▶ [RECORD SET]:
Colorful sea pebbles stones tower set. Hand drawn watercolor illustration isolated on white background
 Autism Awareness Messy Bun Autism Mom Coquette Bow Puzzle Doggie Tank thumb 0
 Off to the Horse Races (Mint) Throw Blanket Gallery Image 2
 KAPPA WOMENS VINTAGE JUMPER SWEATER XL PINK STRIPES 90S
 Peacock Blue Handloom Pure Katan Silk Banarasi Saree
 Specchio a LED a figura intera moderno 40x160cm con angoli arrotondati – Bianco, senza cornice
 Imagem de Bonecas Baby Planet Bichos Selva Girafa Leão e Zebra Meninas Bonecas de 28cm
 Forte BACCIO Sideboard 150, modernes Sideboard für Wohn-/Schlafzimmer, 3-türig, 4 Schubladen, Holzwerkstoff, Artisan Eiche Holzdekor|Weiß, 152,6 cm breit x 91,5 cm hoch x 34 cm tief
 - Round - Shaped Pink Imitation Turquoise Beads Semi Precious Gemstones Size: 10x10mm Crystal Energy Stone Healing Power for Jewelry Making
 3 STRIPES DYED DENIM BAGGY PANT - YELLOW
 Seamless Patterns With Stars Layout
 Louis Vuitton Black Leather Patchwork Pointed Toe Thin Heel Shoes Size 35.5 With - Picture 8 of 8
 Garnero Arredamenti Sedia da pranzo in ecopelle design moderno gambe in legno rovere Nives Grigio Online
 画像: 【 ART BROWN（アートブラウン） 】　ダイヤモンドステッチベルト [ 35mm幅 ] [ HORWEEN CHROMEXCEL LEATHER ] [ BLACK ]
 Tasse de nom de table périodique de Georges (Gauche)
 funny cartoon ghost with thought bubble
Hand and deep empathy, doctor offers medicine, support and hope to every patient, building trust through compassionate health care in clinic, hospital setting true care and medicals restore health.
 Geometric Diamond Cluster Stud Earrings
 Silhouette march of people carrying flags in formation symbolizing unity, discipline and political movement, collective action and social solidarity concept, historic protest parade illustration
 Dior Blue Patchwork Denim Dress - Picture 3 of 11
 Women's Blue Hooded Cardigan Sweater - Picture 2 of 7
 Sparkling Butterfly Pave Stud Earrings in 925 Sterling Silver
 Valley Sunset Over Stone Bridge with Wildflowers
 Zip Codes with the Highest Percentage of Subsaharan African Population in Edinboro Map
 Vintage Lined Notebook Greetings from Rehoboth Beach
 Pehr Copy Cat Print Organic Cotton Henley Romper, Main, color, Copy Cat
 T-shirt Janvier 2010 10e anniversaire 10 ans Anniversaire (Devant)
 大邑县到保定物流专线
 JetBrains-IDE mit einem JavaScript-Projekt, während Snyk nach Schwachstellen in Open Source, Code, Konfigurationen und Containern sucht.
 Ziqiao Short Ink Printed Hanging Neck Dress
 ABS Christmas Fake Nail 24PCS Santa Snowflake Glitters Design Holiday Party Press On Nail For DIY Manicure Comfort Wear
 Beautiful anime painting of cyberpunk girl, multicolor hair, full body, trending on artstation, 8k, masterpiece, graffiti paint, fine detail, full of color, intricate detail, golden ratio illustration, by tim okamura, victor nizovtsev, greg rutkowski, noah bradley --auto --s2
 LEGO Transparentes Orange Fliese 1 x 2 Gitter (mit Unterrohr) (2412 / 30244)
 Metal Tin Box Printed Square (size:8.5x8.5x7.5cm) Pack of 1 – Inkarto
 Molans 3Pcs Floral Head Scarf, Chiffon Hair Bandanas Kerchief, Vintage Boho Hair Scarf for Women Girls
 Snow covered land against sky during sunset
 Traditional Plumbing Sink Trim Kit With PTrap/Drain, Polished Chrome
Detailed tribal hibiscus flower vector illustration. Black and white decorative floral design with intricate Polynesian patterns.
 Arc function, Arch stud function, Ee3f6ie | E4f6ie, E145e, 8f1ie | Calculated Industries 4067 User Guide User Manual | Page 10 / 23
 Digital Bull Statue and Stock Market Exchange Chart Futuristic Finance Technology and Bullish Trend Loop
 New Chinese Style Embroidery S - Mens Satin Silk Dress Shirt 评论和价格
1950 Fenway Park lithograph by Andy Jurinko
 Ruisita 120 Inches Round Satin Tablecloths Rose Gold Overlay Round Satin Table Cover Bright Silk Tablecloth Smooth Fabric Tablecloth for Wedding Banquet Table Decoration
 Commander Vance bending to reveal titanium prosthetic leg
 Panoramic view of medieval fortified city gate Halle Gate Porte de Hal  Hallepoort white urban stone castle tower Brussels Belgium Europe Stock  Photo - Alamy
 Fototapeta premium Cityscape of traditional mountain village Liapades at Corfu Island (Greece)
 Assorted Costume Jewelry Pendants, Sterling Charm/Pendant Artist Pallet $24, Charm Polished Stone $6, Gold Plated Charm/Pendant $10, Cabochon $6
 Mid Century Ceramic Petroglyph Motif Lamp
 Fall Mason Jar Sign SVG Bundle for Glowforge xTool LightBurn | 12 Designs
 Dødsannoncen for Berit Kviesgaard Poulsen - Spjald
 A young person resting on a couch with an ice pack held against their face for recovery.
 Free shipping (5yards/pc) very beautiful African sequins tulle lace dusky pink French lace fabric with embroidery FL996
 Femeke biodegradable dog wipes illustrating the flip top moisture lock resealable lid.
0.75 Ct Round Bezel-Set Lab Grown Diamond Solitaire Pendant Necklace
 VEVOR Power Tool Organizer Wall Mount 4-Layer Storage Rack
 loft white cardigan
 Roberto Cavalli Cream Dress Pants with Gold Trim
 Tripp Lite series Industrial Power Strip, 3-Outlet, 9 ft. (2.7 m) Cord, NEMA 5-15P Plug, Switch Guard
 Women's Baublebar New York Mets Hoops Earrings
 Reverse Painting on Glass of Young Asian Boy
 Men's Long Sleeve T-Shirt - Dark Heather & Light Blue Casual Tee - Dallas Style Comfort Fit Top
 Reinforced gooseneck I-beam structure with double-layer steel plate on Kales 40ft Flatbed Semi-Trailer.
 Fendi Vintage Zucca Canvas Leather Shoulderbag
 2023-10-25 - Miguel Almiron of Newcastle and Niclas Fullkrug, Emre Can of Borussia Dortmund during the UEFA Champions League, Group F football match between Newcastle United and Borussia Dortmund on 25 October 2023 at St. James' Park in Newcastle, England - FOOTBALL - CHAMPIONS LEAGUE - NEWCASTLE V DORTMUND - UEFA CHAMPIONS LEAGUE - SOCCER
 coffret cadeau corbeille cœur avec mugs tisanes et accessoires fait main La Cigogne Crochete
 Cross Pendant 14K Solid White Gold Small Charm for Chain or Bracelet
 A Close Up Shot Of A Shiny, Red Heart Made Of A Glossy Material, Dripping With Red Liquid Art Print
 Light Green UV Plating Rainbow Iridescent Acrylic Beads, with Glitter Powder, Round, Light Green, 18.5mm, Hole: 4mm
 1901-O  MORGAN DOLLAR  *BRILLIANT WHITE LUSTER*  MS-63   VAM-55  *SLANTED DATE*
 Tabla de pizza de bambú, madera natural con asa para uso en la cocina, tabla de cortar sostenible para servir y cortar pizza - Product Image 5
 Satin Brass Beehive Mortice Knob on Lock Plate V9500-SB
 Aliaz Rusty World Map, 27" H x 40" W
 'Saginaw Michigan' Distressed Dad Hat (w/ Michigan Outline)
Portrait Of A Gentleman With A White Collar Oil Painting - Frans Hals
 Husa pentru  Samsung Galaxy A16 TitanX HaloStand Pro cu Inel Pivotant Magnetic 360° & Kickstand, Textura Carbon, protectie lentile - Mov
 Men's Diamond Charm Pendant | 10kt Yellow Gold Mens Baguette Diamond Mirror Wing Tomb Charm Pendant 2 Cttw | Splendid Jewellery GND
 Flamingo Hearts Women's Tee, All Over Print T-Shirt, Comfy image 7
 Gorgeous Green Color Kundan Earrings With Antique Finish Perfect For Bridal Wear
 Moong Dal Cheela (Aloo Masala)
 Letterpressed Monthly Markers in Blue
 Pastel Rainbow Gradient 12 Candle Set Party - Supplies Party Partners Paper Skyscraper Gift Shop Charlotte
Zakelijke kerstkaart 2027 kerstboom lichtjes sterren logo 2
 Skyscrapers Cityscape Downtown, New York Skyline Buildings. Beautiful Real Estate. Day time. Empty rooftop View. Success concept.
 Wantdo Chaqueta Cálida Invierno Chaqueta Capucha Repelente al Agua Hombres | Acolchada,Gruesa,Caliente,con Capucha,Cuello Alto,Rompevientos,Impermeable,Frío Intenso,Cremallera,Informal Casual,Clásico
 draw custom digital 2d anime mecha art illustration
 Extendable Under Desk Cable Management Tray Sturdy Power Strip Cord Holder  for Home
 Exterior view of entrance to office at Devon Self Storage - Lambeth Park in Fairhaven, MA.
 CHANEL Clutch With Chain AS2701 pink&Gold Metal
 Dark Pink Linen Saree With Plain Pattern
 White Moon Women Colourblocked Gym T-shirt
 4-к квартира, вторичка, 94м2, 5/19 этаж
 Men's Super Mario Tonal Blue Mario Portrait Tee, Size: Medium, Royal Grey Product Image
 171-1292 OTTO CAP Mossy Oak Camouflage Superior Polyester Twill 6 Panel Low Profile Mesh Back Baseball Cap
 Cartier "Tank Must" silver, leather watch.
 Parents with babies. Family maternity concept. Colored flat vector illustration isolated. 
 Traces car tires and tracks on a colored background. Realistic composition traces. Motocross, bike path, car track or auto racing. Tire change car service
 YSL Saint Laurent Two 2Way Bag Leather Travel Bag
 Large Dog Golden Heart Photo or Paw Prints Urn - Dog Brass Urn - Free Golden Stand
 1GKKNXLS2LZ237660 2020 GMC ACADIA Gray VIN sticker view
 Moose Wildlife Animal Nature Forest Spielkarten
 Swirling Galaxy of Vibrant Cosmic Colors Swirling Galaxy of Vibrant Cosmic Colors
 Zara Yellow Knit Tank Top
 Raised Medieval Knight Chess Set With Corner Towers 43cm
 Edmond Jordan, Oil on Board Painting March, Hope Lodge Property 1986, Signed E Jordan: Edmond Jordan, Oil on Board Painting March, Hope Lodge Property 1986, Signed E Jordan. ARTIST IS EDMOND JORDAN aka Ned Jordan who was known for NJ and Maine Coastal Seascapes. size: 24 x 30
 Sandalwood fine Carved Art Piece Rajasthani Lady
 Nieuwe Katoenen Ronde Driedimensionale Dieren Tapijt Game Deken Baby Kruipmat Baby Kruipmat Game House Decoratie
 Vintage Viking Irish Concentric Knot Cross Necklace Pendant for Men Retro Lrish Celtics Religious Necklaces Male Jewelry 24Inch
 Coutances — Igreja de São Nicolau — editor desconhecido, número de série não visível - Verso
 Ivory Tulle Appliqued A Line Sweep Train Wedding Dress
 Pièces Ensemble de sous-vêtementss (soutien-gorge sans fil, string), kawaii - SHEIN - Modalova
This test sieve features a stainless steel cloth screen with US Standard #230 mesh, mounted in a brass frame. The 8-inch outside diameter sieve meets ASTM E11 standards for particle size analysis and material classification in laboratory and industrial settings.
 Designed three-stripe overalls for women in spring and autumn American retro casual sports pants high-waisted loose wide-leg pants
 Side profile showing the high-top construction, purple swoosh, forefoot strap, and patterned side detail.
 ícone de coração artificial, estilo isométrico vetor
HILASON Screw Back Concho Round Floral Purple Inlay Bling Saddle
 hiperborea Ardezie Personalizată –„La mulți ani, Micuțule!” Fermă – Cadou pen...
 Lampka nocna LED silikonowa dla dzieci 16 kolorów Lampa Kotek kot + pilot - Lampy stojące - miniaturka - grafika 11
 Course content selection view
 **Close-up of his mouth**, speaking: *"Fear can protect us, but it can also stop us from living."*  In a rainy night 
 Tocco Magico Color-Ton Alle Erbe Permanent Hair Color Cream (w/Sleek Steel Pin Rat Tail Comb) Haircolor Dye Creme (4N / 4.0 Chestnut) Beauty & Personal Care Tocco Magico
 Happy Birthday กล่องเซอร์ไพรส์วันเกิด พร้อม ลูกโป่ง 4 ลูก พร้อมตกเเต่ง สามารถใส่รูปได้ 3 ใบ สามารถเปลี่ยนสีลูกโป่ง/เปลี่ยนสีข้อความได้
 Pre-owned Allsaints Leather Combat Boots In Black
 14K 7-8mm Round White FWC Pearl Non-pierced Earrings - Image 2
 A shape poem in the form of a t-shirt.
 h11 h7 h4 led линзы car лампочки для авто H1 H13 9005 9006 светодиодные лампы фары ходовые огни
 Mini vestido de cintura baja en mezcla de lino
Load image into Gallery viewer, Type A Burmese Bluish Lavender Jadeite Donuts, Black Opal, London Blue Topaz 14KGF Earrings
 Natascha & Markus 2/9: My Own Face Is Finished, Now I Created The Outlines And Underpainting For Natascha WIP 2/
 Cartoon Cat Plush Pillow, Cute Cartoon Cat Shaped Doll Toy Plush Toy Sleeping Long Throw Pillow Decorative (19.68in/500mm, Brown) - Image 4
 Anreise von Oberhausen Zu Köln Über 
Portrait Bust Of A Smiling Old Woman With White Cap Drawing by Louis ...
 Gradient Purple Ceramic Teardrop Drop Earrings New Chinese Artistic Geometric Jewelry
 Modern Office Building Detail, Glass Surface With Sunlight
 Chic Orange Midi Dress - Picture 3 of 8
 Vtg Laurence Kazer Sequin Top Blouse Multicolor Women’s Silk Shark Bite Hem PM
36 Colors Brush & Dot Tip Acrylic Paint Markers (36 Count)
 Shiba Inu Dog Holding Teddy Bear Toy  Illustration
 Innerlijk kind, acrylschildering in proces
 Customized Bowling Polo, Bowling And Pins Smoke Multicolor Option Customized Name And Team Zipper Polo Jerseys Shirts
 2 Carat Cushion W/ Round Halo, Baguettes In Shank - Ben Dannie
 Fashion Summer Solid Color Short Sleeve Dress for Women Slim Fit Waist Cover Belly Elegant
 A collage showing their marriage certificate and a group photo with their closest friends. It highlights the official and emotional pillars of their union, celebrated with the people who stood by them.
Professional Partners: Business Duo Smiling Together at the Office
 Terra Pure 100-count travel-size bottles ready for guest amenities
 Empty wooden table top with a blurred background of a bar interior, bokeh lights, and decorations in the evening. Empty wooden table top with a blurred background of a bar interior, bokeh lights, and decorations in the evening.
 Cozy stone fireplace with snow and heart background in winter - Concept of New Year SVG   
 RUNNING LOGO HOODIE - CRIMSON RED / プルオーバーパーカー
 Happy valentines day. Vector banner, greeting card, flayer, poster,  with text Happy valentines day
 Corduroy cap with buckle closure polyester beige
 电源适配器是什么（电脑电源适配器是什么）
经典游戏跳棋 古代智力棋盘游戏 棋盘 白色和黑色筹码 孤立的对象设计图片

▶ [WHAT NEEDS TO BE DONE]:
From the line holding "Forte BACCIO Sideboard" to the line holding "funny cartoon ghost with thought bubble", inclusive, restate each line above exactly as written.

▶ [WRITTEN SOLUTION]:
 Forte BACCIO Sideboard 150, modernes Sideboard für Wohn-/Schlafzimmer, 3-türig, 4 Schubladen, Holzwerkstoff, Artisan Eiche Holzdekor|Weiß, 152,6 cm breit x 91,5 cm hoch x 34 cm tief
 - Round - Shaped Pink Imitation Turquoise Beads Semi Precious Gemstones Size: 10x10mm Crystal Energy Stone Healing Power for Jewelry Making
 3 STRIPES DYED DENIM BAGGY PANT - YELLOW
 Seamless Patterns With Stars Layout
 Louis Vuitton Black Leather Patchwork Pointed Toe Thin Heel Shoes Size 35.5 With - Picture 8 of 8
 Garnero Arredamenti Sedia da pranzo in ecopelle design moderno gambe in legno rovere Nives Grigio Online
 画像: 【 ART BROWN（アートブラウン） 】　ダイヤモンドステッチベルト [ 35mm幅 ] [ HORWEEN CHROMEXCEL LEATHER ] [ BLACK ]
 Tasse de nom de table périodique de Georges (Gauche)
 funny cartoon ghost with thought bubble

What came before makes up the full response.